[Saved data entries]

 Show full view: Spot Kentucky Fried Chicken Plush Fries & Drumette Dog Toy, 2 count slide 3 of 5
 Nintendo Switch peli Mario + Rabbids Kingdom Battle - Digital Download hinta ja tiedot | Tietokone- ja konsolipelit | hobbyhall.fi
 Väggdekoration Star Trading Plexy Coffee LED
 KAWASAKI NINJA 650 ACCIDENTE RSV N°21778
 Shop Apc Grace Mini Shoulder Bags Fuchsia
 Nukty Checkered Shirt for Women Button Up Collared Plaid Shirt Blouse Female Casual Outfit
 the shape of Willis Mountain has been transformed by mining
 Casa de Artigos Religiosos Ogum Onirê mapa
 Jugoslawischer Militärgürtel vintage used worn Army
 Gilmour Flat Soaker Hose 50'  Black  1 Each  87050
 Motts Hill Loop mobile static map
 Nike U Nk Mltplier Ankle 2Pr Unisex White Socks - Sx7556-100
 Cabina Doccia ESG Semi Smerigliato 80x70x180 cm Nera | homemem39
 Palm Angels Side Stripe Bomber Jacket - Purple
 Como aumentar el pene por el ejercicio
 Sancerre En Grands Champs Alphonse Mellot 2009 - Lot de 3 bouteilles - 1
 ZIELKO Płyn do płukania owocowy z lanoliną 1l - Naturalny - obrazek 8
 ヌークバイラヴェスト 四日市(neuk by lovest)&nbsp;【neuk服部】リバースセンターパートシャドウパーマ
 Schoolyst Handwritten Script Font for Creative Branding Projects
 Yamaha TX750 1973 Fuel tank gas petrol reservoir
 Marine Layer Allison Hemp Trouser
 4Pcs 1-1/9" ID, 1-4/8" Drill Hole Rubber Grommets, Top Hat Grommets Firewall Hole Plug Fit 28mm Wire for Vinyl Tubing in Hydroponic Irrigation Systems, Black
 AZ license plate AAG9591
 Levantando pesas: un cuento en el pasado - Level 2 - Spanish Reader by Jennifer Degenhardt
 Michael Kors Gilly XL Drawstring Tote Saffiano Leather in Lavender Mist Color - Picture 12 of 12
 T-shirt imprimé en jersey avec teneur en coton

Problem details: Once you find the line with "Nintendo Switch peli" in the entries above, output it and each line after it up to and including the line with "Shop Apc Grace Mini Shoulder Bags Fuchsia", and nothing else.

Solution to this problem:
 Nintendo Switch peli Mario + Rabbids Kingdom Battle - Digital Download hinta ja tiedot | Tietokone- ja konsolipelit | hobbyhall.fi
 Väggdekoration Star Trading Plexy Coffee LED
 KAWASAKI NINJA 650 ACCIDENTE RSV N°21778
 Shop Apc Grace Mini Shoulder Bags Fuchsia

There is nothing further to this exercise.